Depending on the vintage, The Mascot is composed of 85-95% Cabernet Sauvignon, along with small quantities of Cabernet Franc, Merlot, and Petit Verdot.
The Mascot is crafted from the younger vines of the three parent properties. Within the Napa Valley, hillside vineyards make up a miniscule percentage of planted acreage. The Harlan family has spent the past 40 years identifying the very finest and rarest of these sites.
The vines that contribute to The Mascot average from 5 to 12 years of age. As the vines of the parent properties are replanted approximately twice per century—or the equivalent of around 2% of acreage per year—the supply of young vines is continually replenished. Many young vines are beginning to manifest now; as a result of replanting at Harlan Estate and BOND starting more than a decade ago, and at Promontory since it was acquired in 2008.

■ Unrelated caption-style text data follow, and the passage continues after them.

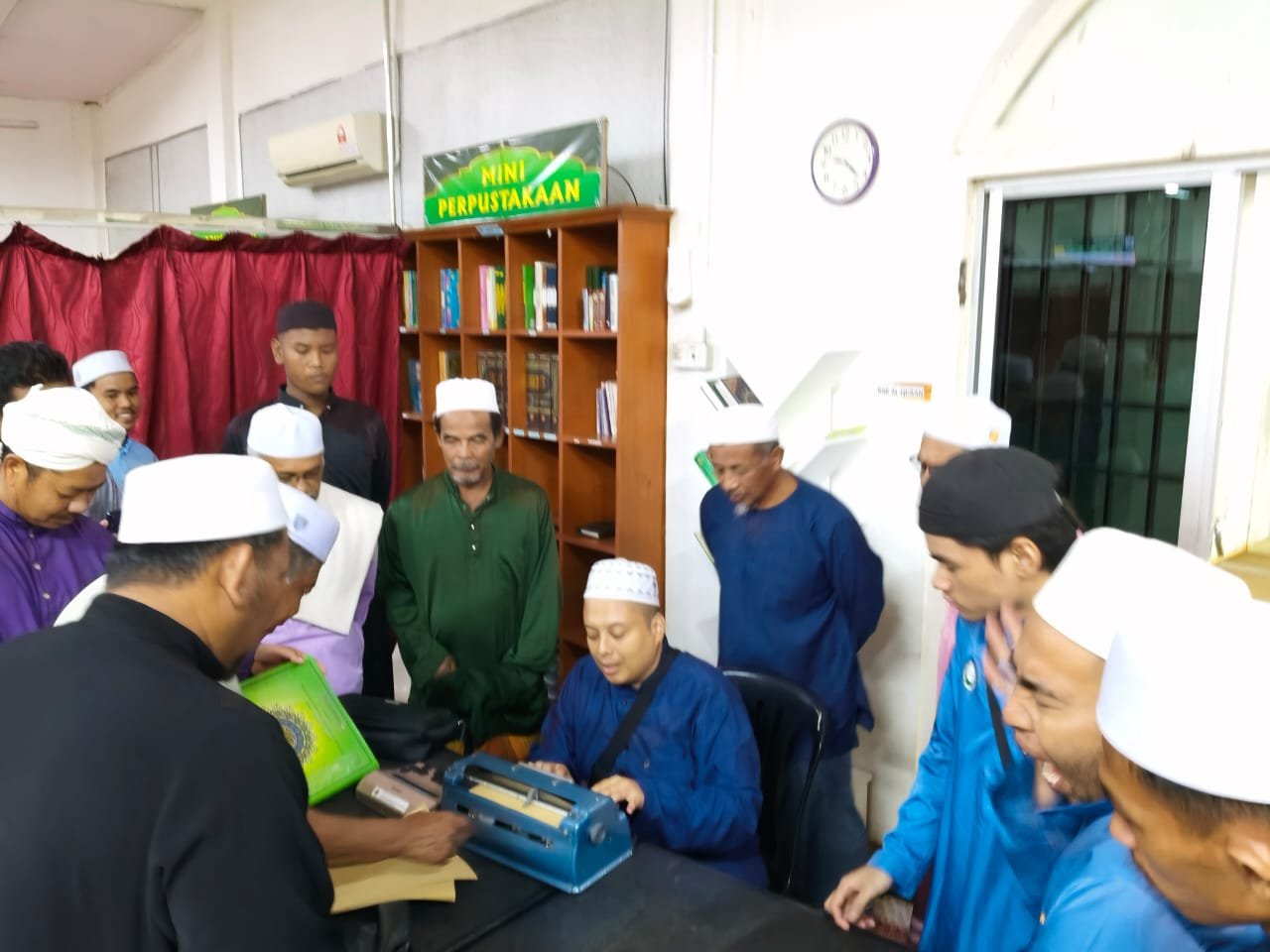 Ahli PERTIS menunaikan solat berjemaah semasa program kerohanian
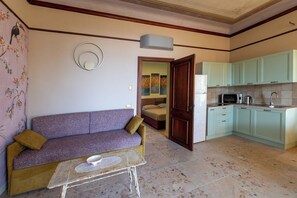 TV - Apartment no. 3 ( CIN: IT008031B423CF7JSW Citra 008031-LT-1489 ) (Imperia)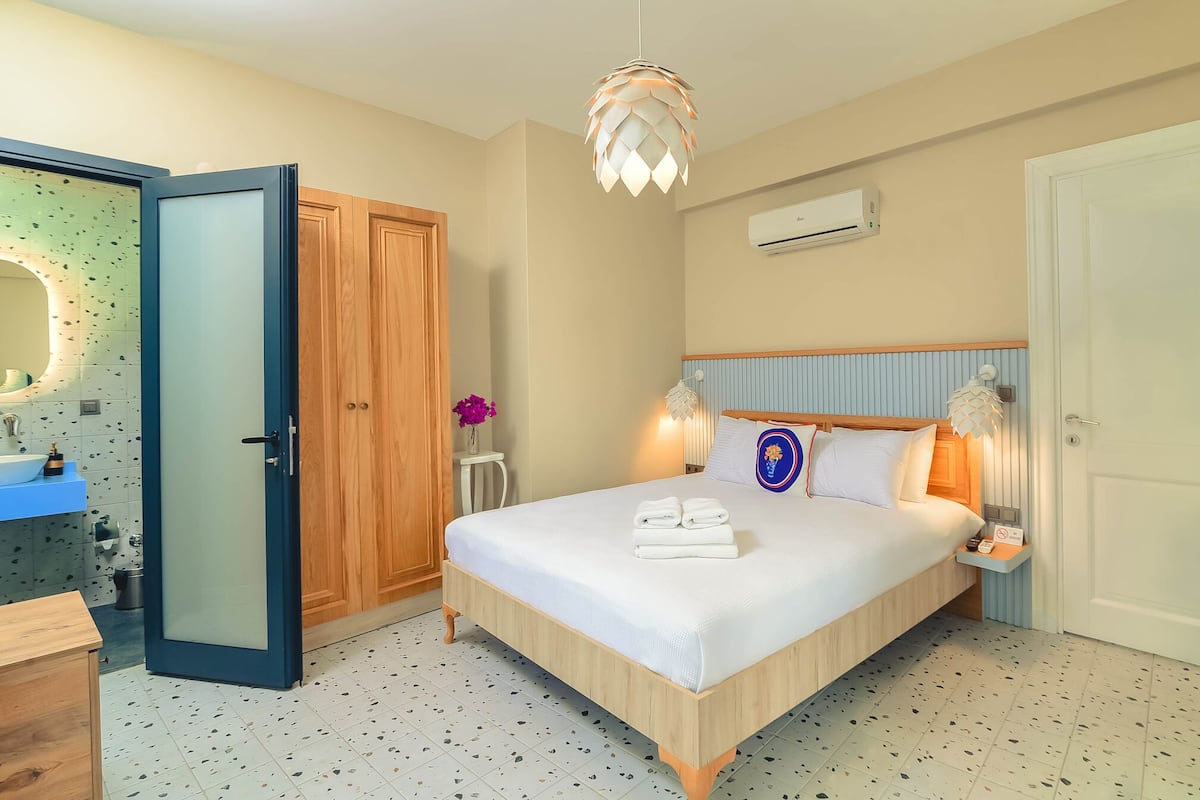 Sábanas de algodón egipcio, ropa de cama de alta calidad y minibar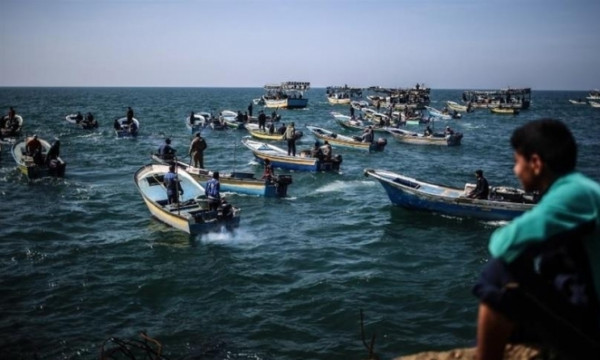 شاهد: لحظة دخول صيادي غزة للبحر بعد حرمان لأيام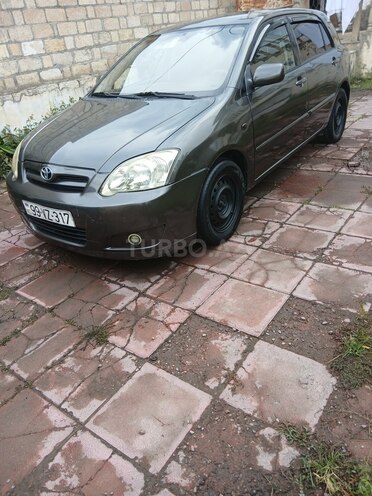 Toyota Corolla 2004, 308,000 km - 1.4 l - Yevlax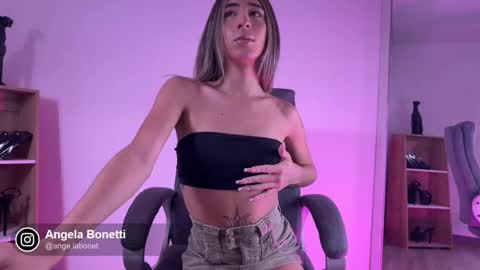 Snapshot of angela_bonetti chatting on 02-11-25, 11:10 Angela Bonetti online show from 02-11-25, 11:10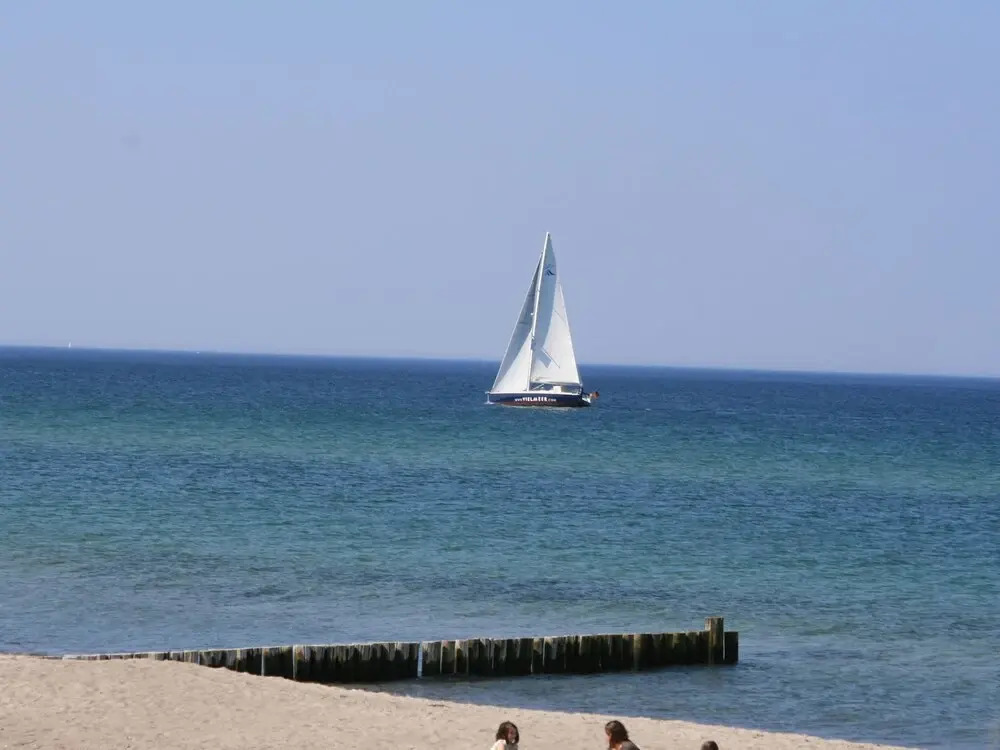 Tranquil Apartment in Ostseebad Kühlungsborn near Sea Beach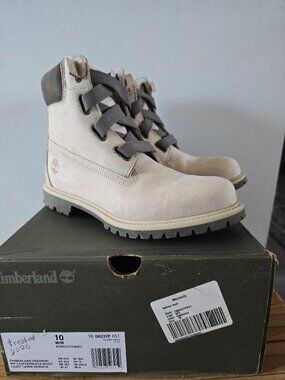 TIMBERLAND PREMIUM CONVENIENCE BOOT LIGHT TAUPE NUBUCK size 10
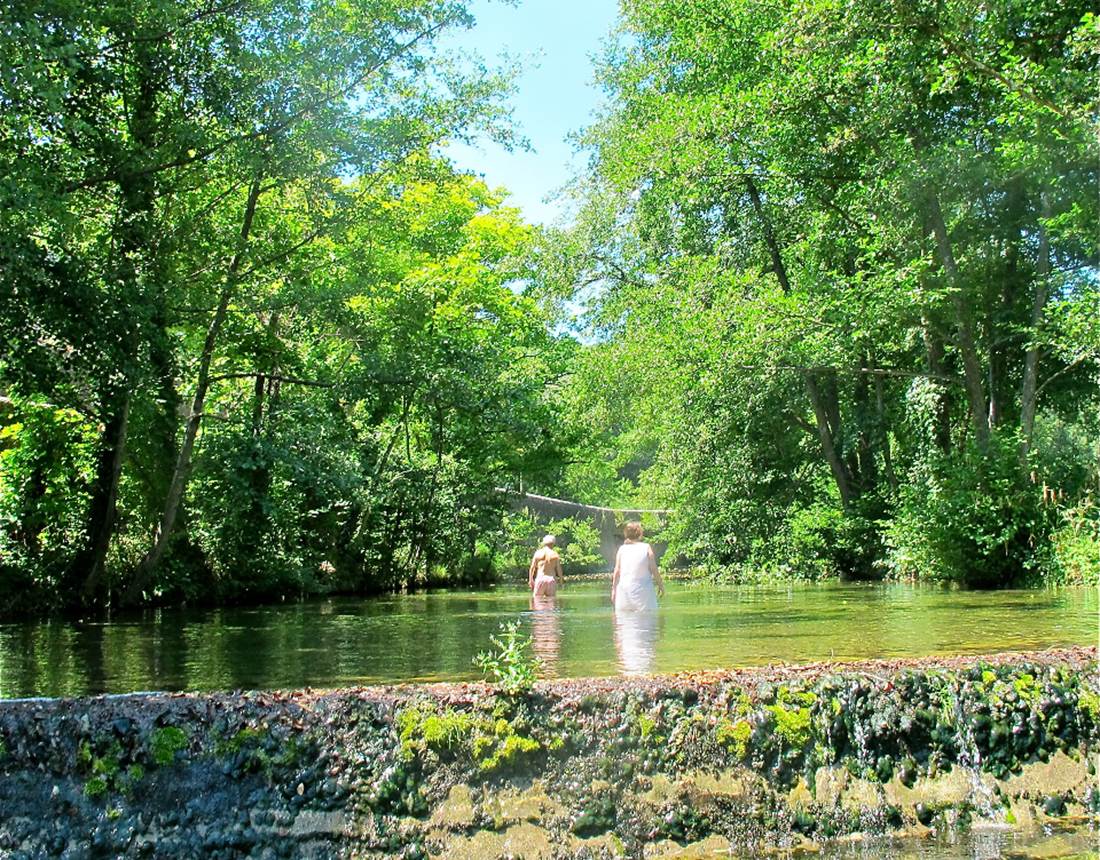 marcher dans la rivie`re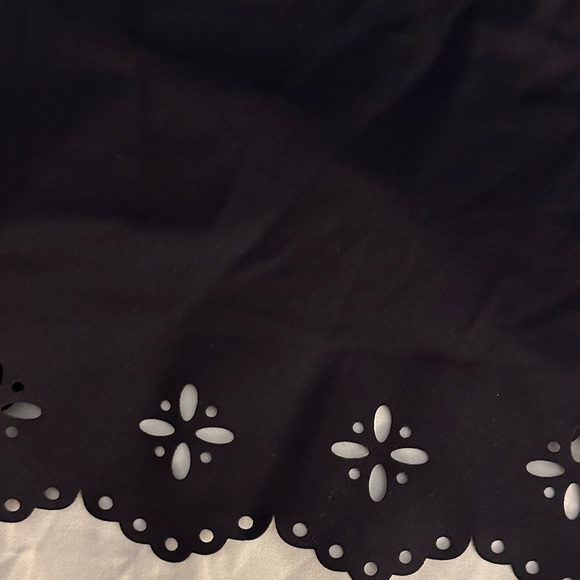 Black Sleeveless Women's Top - Picture 2 of 2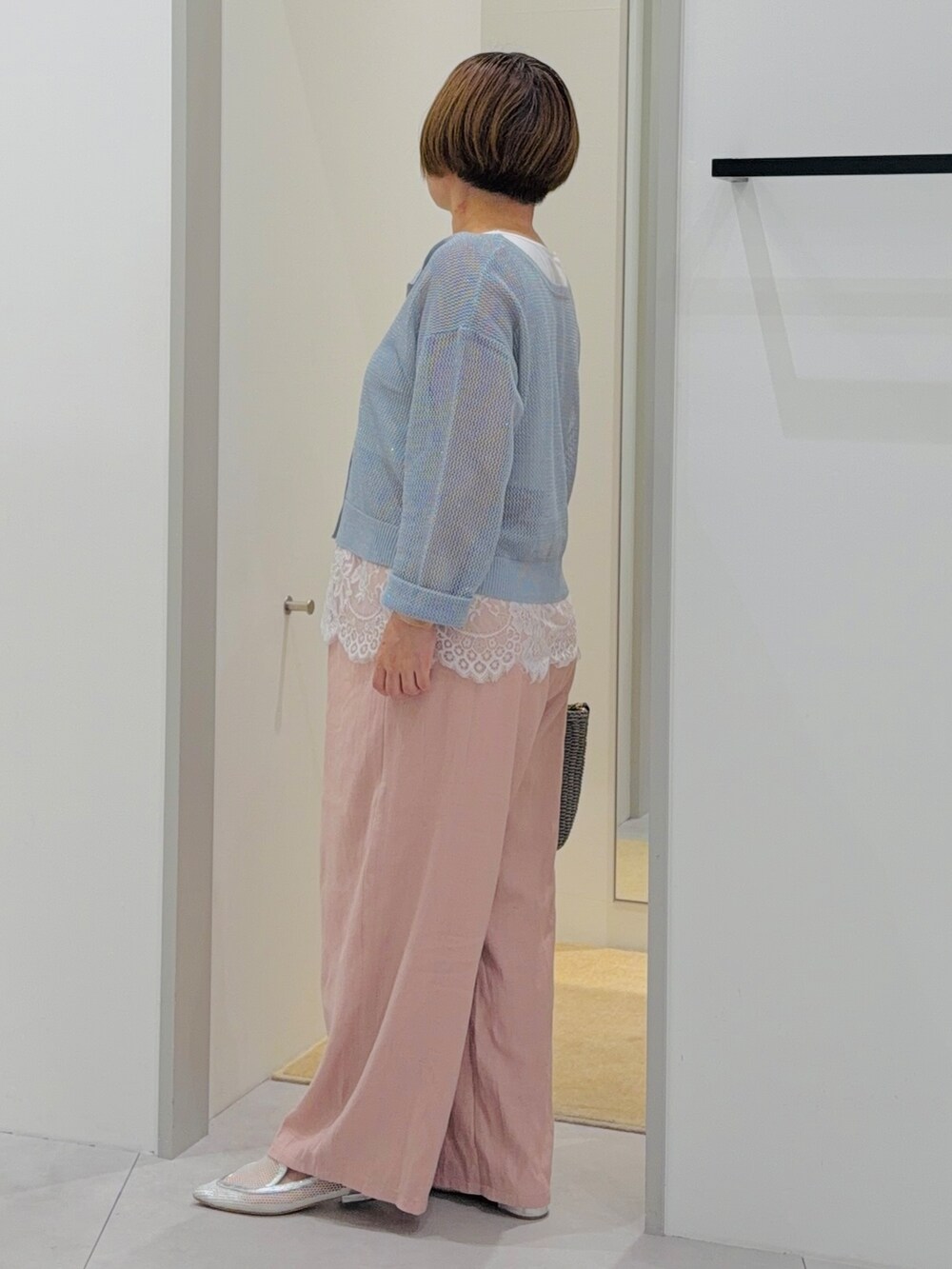 ブルー系のカーディガン/ボレロ、ホワイト系のタンクトップ、ピンク系のその他パンツを着用したレディースの夏コーディネートの3枚目の写真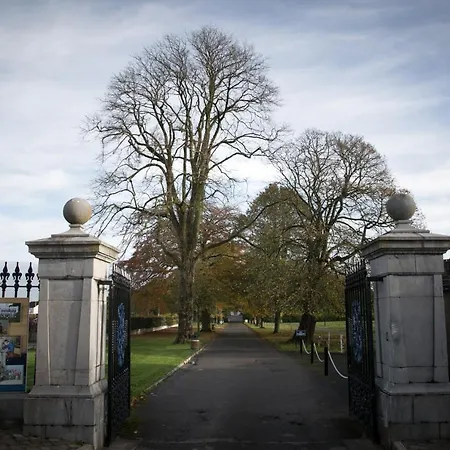 Number 4 Ferienhaus Longford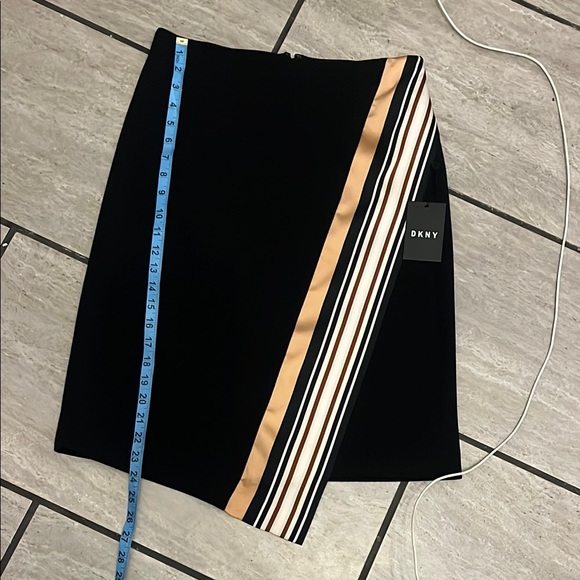 Dkny Dresses & Skirts - DKNY Black Skirt with Striped Accent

In this process, vines are pulled and replanted with a cover crop that supports the soil ecosystem—all without tilling. This ensures that conditions found in the mature vineyard are maintained, allowing continuity between the "generations" of plantings. In this way, when young vines begin to root, they can connect to a much wiser, well-structured network of microorganism and nutrient pathways.
Waiting three years for rootstocks to establish themselves before grafting allows the plant to focus on root-growth during this critical stage. Although this delays production by a few years, when the vines finally do produce a crop, the fruit has a superior balance of tannin and acidity. The focus on cultivating the root system has also allowed us to begin dry farming very early in the vine’s lifecycle, which gives our wine greater purity and distinction.
The vineyard teams farm each plot of land in a highly individualized manner through a program called the "Vine Masters.” Over the course of a five to ten year apprenticeship, these team members earn the right to oversee a portion of the vineyard for which they are solely responsible. The Vine Masters tend to these blocks as their own personal gardens, treating each plant independently, allowing each vine to reach its greatest potential for quality, character, and longevity.
The winemaking teams vinify the grapes from each property in accordance with the character of their land. For aging the wines, Harlan Estate and BOND use new and neutral French oak barrels, while Promontory employs larger casks made of Austrian oak.
The winemaking teams evaluate the young-vine lots at the blending table between 6 and 14 months after fermentation, selecting the finest for inclusion in The Mascot. In total, The Mascot is aged in barrel for nearly three years prior to bottling and another 18 months in bottle prior to release.